As you consider the title of this blog, you might be thinking, “what does safety have to do with minimalism.” Or maybe, you are thinking; “ok you got my attention, explain more.” Hopefully, I have you thinking and intrigued about this.
When you think of minimalism, most people, think it’s all about getting rid of stuff. You know: material things, owning less, living in a smaller place, detaching, decluttering, paring down and simply just letting go. However, I think there is much more to minimalism than just simply getting rid of stuff or downsizing.
Minimalists don’t focus on having less. Instead, they focus on making room for more time, more passion, more creativity, more experiences, more contribution resulting in contentment. Minimalism gives a person(s) more freedom. It allows them to focus on what matters, what is essential and where their passion lies!
My wife and I are currently in the process of minimizing our life. From moving from a 4 bedroom home to a 1-bedroom condo, we are looking at ways to make life easier.
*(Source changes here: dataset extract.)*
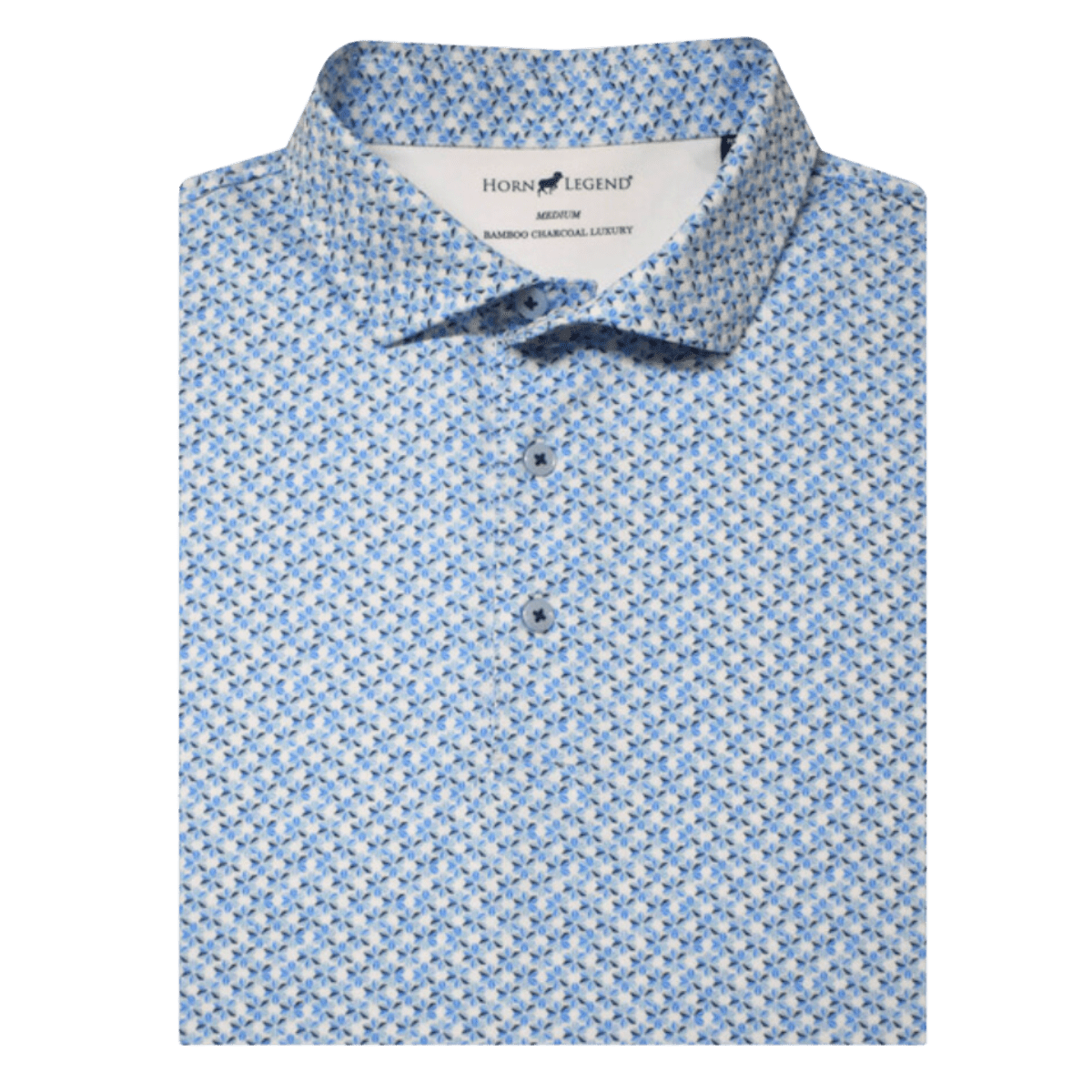 Baton Rouge Horn Legend Pattern Polo - Shop B - Unlimited - men resort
As we move through this process, I began thinking about how I could apply the minimalist principle to my work. Then it hit me!
How can we take this concept and apply it to the safety profession and ultimately the cultures we create.
Many safety professionals pride themselves in creating extensive safety programs. We believe our performance is based on how many procedures we produce and how many pages each procedure contains. We want the process to be so complicated, that only a safety professional can interpret what is required and can poorly communicate how to maintain compliance.
That was me. I wanted to create pages and pages of information and processes to impress. I wanted the “safety” manual to be the “manual of all manuals.” For years I created policies and procedures that contained so much information, I didn’t know all the information I wrote. I just thought if it had at least 30 pages, then I covered everything needed to ensure compliance and the safety of employees. But then, I realized people weren’t reading the procedures.
In my description, “They were word massive!”
People just did what they thought was right or simply did what they wanted and never referred to the policy or procedure.
I started thinking: I hate to read. I hate to refer to documents. I am busy and don’t have time to look things up. Why would that not be the same for others?
The safety profession is embarking on a new age. With that, I think it is time to consider a minimalist approach to safety. Creating a culture where safety is easily and plainly stated, and employees are excited to embrace a clean, relaxed culture.
This blog is intended to provide the safety professional or others with ideas, thoughts, and processes to develop a minimalist safety program. It is designed to create a culture where people actively embrace the methods and are open to practical new ideas.